§ **RECORDED DATA**

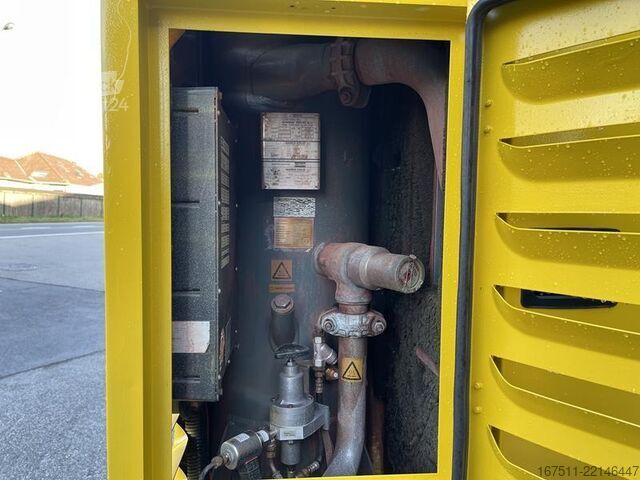 хладилен компресор Atlas Copco XRVS 476 CD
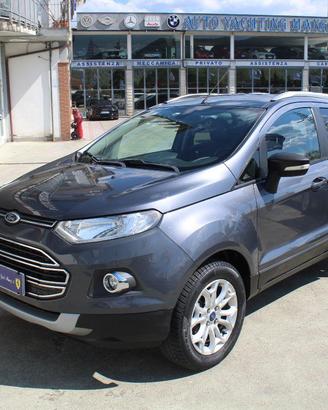 FORD - EcoSport - 1.0 EcoBoost 125 CV Titanium S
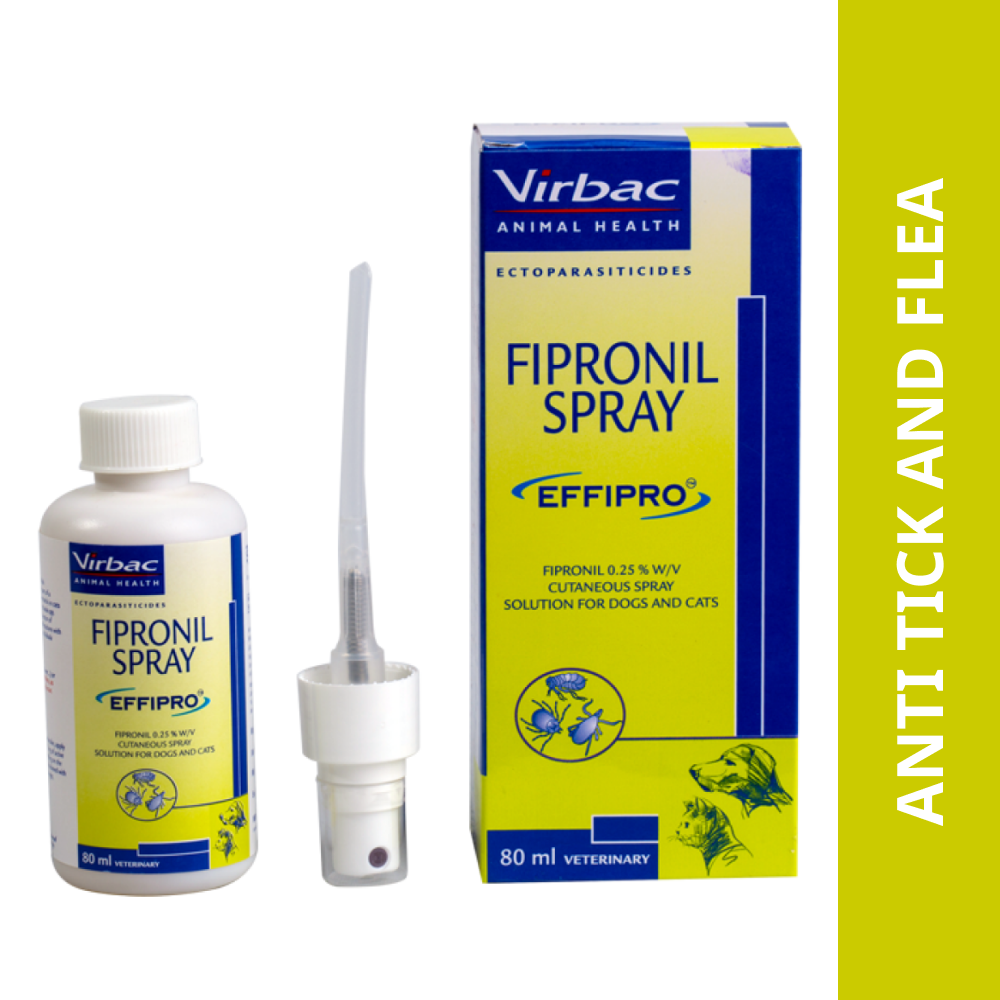 Effipro online flea treatment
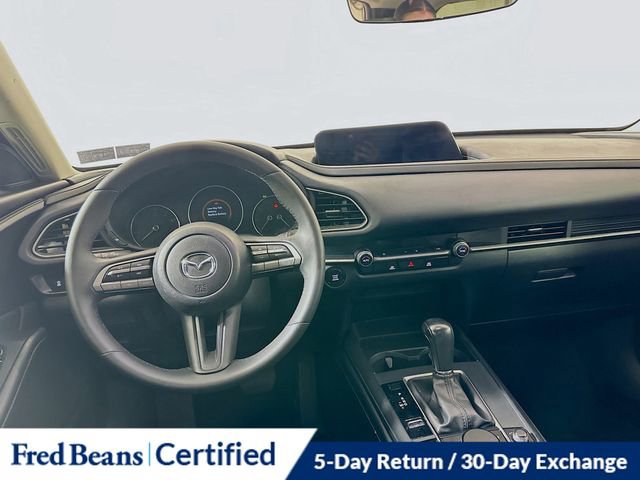 Used 2023 MAZDA CX-30 AWD 2.5 S w/ Select Package image 23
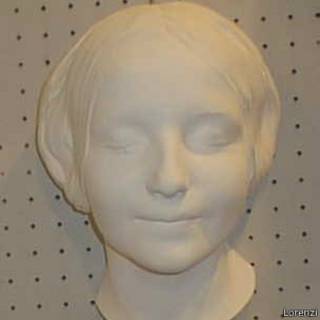 Inconnue de la Seine | Foto: Lorenzi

§ **YOUR OBJECTIVE**
Take the line with "Used 2023 MAZDA" and every line after it through the end of the data, and write only them out exactly, leaving out the pictures.

§ **TASK OUTPUT**
 Used 2023 MAZDA CX-30 AWD 2.5 S w/ Select Package image 23
 Inconnue de la Seine | Foto: Lorenzi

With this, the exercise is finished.